The group has been in operation since at least late 2020 and is currently perceived as an active threat.

Espionage for Many Outcomes

Rozmann adds intelligence collection is a key component of any state-sponsored activity since it can help keep the leadership and Iranian intelligence agencies informed when strategizing/making plans against their targets.

“While we believe this actor is focused on intelligence collection, the collected data may be leveraged to support various activities, from hack-and-leak to enabling kinetic warfare attacks like those that have plagued the shipping industry in recent years,” according to Mandiant’s analysis.

Whether it remains covert or is leveraged for more overt operations, the intel opens up options for a threat actor.
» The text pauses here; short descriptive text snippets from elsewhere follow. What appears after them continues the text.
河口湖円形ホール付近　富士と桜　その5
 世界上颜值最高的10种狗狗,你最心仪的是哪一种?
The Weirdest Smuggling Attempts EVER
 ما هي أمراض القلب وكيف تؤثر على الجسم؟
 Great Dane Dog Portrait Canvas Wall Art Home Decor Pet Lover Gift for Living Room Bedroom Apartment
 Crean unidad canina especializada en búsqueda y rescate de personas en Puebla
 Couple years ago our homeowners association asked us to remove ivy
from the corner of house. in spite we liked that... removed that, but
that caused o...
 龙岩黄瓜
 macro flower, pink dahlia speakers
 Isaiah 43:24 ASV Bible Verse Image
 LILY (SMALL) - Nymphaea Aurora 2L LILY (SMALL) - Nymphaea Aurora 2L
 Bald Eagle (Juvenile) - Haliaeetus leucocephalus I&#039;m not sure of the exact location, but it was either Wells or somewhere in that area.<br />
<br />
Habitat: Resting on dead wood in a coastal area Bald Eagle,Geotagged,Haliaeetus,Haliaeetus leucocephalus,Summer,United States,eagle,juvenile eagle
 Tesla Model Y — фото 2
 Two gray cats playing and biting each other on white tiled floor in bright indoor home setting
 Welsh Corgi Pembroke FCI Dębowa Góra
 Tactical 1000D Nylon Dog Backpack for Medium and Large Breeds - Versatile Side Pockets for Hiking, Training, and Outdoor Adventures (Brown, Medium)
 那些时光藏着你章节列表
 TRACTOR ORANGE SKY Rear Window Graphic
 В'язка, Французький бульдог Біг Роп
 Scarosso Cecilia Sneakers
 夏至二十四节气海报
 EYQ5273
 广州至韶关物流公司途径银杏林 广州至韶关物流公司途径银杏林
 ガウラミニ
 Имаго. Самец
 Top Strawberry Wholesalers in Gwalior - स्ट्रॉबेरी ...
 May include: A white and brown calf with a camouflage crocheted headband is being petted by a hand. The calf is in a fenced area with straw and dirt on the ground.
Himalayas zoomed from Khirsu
For example, targeting the government sector may provide access to sensitive strategic, political, or defense-related data that can be beneficial for future negotiations, exposed/sold, or leveraged against the victims.

Attribution to Iran’s Government?

While UNC3890 is almost certainly based in Iran, “we don’t have enough evidence to determine whether this is a state-backed threat,” Rozmann notes. “However, it is plausible, based on the actor’s geographical focus, the targeted sectors and the focus on intelligence collection.”

He adds that a typical cybercrime gang that’s financially motivated would probably be interested in other information, such as bank accounts, and use other methods, such as ransomware attacks.

“Furthermore, it would target a broader spectrum of sectors and geographies in an effort to maximize potential profit,” he says.

The United States, United Kingdom, and Australia have all recently warned that attacks from Iran-linked cyberattack groups have been ramping up operations.

The Iranian state has been blamed for many prior efforts targeting civilians in Israel, including attacks on water infrastructure and on an insurance company.

In June, Microsoft disabled the Iran-linked Lebanese hacking group Polonium after it discovered the threat actors abusing its OneDrive personal storage service. Among the targeted organizations were those involved in critical manufacturing, transportation systems, financial services, IT, and Israel’s defense industry, the software giant says — all of which offered an avenue to carry out downstream supply chain attacks.